Given records »
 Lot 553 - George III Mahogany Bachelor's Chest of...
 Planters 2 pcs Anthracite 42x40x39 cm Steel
...
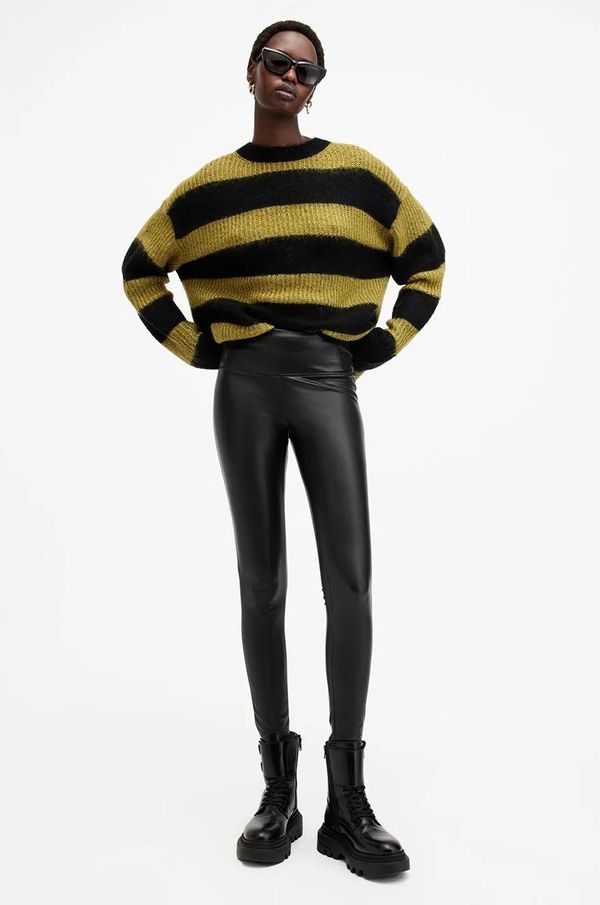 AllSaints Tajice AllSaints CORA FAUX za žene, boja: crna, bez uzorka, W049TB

What needs to be done » Look back at the data above. Transcribe exactly the lines starting at the line that contains "Lot 553 - George" and ending at the line that contains "Planters 2 pcs Anthracite 42x40x39 cm Steel".

Exercise answer »
 Lot 553 - George III Mahogany Bachelor's Chest of...
 Planters 2 pcs Anthracite 42x40x39 cm Steel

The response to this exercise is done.